Es ist gleichzeitig bedenklich, dass diese Leistungen von James schon jetzt nötig sind und nicht einmal dazu führen, dass die Lakers ein gutes Team sind. Sie sind okay, mehr nicht, die Spitze der Western Conference ist nach wie vor meilenweit entfernt, und LeBron reißt dabei nach VanVleet und den beiden Nets-Stars die meisten Minuten ligaweit ab.
All das spricht nicht für eine gute Kaderkonstruktion, ungeachtet der zahlreichen Ausfälle. Nun steht immerhin Kendrick Nunn vor der Rückkehr und auch Anthony Davis sollte in den nächsten Wochen wieder zur Verfügung stehen, beim Big Man wird darauf zu hoffen sein, dass er seinen enttäuschenden Saisonstart vergessen machen kann.
Reicht das dann? Das muss zumindest die Hoffnung sein. Lakers-Fans fabulieren auf Twitter zwar schon seit Wochen, wie sie alle möglichen Stars per Trade nach Hollywood holen können, es gibt da nur das kleine Problem, dass es für die wenigen verfügbaren guten Spieler (etwa Grant) viele Interessenten geben wird - und diese fast alle bessere Angebote machen können als die Lakers.
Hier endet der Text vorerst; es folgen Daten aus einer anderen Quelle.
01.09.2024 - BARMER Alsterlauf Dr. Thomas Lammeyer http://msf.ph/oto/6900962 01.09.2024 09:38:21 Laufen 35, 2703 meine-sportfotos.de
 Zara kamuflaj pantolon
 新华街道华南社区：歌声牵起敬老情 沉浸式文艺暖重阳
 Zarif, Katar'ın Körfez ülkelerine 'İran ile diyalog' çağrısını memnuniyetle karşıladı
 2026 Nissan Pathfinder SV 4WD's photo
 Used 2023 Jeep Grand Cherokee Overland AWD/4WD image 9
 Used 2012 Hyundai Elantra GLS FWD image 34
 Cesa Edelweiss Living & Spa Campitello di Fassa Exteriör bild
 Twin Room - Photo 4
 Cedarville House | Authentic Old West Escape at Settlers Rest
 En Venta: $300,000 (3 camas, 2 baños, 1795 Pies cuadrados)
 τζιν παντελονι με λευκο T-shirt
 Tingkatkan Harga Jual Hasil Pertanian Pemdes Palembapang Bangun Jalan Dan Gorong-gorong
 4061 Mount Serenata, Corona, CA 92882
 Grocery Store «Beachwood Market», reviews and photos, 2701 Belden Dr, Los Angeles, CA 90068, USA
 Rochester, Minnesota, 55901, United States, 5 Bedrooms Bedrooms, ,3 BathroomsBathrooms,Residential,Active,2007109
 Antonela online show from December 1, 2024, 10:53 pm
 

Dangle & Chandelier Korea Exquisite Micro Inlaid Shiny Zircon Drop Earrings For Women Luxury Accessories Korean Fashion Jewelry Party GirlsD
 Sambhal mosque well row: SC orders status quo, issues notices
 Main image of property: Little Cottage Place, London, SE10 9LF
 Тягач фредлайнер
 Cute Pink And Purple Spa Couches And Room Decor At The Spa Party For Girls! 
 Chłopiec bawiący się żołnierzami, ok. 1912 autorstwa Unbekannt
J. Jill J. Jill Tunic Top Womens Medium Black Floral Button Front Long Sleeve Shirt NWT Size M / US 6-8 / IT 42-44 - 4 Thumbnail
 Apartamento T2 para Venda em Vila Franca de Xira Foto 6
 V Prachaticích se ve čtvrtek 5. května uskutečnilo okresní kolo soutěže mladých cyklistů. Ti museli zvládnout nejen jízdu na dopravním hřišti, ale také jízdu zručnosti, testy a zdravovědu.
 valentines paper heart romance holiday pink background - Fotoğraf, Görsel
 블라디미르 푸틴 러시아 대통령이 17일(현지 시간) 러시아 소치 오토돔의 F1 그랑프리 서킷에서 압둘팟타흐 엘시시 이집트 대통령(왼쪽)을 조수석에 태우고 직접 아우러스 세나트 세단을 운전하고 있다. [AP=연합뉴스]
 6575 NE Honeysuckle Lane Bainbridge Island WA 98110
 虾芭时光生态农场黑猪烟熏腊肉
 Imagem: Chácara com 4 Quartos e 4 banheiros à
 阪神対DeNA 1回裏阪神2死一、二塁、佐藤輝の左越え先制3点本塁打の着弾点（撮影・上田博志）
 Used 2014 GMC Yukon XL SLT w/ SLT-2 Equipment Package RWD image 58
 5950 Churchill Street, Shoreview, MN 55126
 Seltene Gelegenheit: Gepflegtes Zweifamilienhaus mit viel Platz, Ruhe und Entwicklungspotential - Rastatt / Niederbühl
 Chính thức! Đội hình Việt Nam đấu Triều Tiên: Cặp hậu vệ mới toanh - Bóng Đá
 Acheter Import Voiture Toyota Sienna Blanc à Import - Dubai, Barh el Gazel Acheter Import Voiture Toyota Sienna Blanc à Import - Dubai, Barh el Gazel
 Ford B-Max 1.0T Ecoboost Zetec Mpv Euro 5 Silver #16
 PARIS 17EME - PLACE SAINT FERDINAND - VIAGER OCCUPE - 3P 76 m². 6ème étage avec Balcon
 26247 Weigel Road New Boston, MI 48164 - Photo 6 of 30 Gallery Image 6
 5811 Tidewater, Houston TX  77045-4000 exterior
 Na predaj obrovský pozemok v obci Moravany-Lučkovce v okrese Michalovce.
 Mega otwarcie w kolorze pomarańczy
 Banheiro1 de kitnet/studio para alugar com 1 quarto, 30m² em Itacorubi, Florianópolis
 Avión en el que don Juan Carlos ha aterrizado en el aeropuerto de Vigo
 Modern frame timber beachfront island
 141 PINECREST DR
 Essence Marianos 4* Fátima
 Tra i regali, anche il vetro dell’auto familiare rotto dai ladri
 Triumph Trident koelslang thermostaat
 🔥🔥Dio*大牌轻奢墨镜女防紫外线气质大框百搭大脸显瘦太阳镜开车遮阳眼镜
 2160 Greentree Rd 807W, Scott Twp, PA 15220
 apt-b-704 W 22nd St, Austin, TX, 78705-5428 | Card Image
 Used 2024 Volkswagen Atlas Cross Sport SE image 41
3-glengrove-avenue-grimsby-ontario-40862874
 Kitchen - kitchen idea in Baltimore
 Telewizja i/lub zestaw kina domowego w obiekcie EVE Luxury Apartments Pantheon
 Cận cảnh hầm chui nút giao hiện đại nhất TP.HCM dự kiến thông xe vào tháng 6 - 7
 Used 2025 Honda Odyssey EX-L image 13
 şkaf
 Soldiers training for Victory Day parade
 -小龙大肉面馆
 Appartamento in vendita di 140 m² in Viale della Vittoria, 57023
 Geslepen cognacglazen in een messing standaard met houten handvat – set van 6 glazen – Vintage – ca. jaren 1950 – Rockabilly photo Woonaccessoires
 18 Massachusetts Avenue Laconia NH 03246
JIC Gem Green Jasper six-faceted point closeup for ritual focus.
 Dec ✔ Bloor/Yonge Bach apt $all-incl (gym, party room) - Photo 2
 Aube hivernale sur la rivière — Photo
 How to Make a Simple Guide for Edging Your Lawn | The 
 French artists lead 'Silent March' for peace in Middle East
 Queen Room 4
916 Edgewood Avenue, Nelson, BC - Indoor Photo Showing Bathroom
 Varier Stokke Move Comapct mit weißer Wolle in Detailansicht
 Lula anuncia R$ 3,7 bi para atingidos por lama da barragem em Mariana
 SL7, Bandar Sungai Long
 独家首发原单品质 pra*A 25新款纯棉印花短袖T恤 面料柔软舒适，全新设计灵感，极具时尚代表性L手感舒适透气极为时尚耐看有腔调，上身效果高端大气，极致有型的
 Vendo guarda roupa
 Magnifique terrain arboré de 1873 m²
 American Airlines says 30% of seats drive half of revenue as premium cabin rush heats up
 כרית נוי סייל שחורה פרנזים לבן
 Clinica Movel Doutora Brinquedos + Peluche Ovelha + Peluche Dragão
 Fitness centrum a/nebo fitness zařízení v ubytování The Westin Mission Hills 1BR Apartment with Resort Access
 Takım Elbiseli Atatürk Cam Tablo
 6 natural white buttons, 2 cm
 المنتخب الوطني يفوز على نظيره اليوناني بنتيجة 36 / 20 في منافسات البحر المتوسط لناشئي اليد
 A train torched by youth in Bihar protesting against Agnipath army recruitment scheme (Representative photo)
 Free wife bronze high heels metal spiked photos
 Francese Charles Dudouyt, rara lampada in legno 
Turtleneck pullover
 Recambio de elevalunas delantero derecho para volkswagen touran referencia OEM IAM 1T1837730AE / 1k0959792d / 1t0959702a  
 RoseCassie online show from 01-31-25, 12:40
Talen Horton-Tucker und der Vertrag von Russell Westbrook sind als Paket, nun, geht so.
Vielleicht spielt das alles keine Rolle, wenn neben LeBron auch Davis wieder in den 2020er Bubble-Modus schaltet. Momentan sieht es eher danach aus, als würde eine weitere historische James-Saison (in diesem Alter die drittbeste True-Shooting-Saison seiner Karriere? Ernsthaft?) mehr oder weniger im Sande verlaufen.